Copy, word for word, each line of the data below from the first through the line containing "クリスマスのうた ベストコレクション いずみ書房", and stop there.

☆ ☆ ☆ ☆ ☆ ☆ ☆

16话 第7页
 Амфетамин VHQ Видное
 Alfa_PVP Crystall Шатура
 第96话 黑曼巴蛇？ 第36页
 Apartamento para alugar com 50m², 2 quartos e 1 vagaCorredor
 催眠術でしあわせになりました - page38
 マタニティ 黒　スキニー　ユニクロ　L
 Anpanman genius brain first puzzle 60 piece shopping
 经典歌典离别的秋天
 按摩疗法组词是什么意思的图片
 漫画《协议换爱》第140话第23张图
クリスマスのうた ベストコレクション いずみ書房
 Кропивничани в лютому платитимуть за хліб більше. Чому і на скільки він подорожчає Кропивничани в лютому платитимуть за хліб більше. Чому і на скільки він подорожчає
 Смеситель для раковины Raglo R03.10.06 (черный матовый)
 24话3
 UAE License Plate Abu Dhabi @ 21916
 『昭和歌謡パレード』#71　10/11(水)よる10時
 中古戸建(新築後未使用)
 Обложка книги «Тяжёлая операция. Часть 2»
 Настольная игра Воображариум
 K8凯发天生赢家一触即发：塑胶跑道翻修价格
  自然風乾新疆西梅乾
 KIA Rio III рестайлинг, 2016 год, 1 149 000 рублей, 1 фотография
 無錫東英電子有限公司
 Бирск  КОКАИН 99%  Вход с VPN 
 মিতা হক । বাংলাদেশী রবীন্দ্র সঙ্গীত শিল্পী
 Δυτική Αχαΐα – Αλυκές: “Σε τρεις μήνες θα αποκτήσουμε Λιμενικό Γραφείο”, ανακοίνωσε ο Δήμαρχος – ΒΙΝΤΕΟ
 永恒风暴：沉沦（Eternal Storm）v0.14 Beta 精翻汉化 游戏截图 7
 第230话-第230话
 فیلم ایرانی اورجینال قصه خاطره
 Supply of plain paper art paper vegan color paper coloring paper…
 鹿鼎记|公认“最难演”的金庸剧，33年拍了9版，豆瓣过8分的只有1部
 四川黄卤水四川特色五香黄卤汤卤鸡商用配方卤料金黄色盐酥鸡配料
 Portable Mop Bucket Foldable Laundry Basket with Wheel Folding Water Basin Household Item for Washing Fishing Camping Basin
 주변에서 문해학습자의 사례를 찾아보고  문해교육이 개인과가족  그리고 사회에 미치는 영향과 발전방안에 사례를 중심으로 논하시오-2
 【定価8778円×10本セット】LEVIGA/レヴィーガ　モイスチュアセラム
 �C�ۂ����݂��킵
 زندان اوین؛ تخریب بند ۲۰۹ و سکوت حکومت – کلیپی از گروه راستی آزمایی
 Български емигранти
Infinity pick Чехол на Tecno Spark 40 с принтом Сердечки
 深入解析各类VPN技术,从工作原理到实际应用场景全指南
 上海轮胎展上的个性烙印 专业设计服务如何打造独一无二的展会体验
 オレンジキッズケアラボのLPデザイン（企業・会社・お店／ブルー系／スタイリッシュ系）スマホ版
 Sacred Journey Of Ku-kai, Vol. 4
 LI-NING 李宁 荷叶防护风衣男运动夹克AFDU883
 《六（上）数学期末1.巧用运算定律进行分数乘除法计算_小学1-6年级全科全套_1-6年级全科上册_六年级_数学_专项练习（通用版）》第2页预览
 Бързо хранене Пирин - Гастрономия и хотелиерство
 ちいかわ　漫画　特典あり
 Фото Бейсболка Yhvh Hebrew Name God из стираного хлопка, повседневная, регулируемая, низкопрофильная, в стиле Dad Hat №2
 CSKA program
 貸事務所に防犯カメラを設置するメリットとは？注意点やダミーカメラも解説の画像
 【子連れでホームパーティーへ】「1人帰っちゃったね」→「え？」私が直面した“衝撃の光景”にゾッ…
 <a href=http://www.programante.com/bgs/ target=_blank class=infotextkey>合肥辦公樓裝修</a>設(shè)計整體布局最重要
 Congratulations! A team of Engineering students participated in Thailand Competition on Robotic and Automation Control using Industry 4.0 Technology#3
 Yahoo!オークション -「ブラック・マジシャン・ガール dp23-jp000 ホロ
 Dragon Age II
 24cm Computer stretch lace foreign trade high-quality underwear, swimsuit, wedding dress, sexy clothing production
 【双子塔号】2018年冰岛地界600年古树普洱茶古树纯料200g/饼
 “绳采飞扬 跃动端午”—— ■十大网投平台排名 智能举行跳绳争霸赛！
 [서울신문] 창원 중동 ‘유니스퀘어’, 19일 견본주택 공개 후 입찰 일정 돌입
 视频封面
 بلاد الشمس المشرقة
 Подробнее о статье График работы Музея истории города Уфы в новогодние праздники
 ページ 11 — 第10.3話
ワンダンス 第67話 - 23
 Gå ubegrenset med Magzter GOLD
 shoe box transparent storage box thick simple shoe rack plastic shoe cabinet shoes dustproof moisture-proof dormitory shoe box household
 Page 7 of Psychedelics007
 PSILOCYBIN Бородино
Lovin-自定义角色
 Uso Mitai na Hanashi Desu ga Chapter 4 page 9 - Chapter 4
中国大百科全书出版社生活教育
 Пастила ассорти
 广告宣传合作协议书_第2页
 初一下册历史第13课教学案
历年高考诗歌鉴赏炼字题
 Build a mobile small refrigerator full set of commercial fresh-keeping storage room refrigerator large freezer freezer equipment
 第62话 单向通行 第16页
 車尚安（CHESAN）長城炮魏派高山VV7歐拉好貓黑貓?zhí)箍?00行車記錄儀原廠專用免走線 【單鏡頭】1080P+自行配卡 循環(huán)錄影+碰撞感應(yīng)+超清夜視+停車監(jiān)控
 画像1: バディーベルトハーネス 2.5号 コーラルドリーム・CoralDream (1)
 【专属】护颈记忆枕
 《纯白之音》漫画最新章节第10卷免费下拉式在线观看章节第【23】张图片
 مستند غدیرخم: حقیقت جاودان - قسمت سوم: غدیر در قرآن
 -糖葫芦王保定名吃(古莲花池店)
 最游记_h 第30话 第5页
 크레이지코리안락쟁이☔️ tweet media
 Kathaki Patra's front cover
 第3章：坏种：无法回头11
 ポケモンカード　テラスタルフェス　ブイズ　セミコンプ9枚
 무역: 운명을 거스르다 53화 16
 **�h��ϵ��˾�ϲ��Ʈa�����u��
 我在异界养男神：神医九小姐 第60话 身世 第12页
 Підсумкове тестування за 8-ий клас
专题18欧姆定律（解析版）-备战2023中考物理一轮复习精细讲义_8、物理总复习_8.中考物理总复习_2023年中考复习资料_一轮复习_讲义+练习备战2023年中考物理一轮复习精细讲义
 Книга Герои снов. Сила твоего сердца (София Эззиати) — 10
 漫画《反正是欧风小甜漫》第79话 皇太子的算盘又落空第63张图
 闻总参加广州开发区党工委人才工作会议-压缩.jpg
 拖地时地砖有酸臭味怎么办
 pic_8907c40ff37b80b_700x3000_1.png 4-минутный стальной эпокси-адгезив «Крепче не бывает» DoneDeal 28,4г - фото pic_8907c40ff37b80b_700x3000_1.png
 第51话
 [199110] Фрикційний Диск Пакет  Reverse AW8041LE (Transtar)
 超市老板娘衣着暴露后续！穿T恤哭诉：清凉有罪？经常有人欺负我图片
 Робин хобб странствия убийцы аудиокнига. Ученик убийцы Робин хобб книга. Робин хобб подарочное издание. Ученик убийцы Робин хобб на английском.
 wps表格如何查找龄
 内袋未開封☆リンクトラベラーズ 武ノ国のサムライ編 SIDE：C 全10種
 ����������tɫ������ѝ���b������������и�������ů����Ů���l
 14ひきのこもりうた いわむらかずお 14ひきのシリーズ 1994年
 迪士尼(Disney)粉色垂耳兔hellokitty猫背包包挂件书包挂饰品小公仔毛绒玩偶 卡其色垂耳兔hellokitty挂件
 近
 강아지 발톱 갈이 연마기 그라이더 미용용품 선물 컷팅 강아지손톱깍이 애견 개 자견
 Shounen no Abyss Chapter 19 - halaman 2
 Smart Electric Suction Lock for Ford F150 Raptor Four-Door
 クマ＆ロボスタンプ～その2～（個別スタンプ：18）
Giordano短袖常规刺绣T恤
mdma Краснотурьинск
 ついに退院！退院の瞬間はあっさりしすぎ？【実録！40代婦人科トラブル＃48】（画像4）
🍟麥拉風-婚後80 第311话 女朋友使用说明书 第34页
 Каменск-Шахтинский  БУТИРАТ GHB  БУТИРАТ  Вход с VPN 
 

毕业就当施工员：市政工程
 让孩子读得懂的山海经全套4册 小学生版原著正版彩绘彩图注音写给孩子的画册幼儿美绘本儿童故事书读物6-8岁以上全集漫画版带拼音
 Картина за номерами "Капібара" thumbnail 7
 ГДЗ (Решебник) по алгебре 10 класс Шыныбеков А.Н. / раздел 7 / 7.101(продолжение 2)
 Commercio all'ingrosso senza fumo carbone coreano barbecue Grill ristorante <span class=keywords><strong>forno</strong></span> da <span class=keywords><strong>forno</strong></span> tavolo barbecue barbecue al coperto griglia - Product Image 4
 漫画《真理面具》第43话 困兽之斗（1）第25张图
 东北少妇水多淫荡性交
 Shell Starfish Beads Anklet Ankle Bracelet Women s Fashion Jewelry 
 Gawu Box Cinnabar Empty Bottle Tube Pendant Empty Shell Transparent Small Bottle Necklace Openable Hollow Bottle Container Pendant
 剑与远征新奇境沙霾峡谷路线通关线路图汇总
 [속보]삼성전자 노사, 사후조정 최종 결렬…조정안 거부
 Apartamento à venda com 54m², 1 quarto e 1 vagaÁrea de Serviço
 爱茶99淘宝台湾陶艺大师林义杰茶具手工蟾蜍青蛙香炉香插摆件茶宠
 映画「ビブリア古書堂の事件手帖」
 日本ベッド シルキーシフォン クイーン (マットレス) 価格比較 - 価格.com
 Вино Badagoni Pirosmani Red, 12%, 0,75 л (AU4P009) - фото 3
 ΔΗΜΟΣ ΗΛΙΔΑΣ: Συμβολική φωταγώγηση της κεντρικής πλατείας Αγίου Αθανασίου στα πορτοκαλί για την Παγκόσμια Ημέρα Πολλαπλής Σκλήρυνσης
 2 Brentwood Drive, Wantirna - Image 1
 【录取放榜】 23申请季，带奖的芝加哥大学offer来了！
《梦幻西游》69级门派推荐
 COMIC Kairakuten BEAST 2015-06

☆ ☆ ☆ ☆ ☆ ☆ ☆

▶ [OUTPUT BELOW]
16话 第7页
 Амфетамин VHQ Видное
 Alfa_PVP Crystall Шатура
 第96话 黑曼巴蛇？ 第36页
 Apartamento para alugar com 50m², 2 quartos e 1 vagaCorredor
 催眠術でしあわせになりました - page38
 マタニティ 黒　スキニー　ユニクロ　L
 Anpanman genius brain first puzzle 60 piece shopping
 经典歌典离别的秋天
 按摩疗法组词是什么意思的图片
 漫画《协议换爱》第140话第23张图
クリスマスのうた ベストコレクション いずみ書房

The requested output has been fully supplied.